In other words, I think these bugs are happening for the same reason something like this doesn't work:

class A:
  def a(self):
    pass

  def b(self):
    a()

x = A()
x.b()
Traceback (most recent call last):
  File "/dev/fd/63", line 9, in <module>
  File "/dev/fd/63", line 6, in b
NameError: name 'a' is not defined
Bubblyworld commented 2 years ago

Haven't thought of a plan to actually fix this yet (while keeping multistep pipelines working - we still need to extract the locals from a step and inject them into the next step). The idea of inlining the user's code directly instead of using exec() could work, but extracting the right locals might be tricky (we have a bunch of other variables/functions defined in the jinja templates, for instance).

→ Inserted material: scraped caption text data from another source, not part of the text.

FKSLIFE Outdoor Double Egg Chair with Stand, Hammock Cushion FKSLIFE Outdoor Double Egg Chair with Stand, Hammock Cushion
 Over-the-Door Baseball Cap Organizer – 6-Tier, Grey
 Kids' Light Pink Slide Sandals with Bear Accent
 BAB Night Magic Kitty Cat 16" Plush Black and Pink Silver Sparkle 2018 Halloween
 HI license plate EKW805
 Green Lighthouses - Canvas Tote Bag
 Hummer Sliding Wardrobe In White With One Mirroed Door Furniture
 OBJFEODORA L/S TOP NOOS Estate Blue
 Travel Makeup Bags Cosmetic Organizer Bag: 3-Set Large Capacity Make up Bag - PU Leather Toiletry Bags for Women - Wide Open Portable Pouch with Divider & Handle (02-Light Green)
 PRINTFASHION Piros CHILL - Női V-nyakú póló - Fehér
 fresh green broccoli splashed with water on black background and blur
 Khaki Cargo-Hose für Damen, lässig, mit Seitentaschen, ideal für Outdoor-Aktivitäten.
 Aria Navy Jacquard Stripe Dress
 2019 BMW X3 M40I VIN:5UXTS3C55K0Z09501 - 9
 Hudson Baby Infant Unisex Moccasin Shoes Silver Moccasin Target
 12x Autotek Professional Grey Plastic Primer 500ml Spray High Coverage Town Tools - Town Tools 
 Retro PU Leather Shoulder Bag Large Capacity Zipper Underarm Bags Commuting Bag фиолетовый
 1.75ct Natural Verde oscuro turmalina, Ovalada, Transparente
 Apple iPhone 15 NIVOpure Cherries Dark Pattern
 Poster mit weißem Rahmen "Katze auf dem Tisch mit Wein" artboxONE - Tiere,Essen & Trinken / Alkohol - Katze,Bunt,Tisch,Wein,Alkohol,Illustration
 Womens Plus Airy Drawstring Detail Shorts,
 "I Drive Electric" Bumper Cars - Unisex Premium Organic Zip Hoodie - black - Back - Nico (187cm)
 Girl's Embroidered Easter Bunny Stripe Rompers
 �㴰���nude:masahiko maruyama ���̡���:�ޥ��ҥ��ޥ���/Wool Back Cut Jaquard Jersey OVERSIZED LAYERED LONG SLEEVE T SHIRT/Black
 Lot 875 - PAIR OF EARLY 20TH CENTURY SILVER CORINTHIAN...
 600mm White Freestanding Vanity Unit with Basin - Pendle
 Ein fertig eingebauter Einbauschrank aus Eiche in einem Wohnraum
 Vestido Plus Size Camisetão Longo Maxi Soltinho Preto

lukemarsden commented 2 years ago

Interesting, excellent digging! Maybe we can just merge new locals into the next step's globals..? And not pass two dictionaries in?

aronchick commented 2 years ago

Hi! Sorry I would have been more than happy to walk through stuff to save you time :)

Luke had a good idea to template the users code into temp file and the import it at the point here - then all we have to inline with the eval of the context from the previous step. I suspect that importing will be more inline with the class rules you quote earlier, but honestly no idea until we test. It also feels like a much cleaner way but would love your thoughts!

Bubblyworld commented 2 years ago

Hey, no worries, software archaeology is an old hobby! =P

Yeah, so as far as I can see both options work - exec(code, ctx) will run the code in a fresh execution frame where locals() = globals() = ctx, which I think is exactly the same as importing a module where ctx has been inlined into globals().

The exec option probably makes dealing with context easier though, so I'll give that a try in the morning 🙏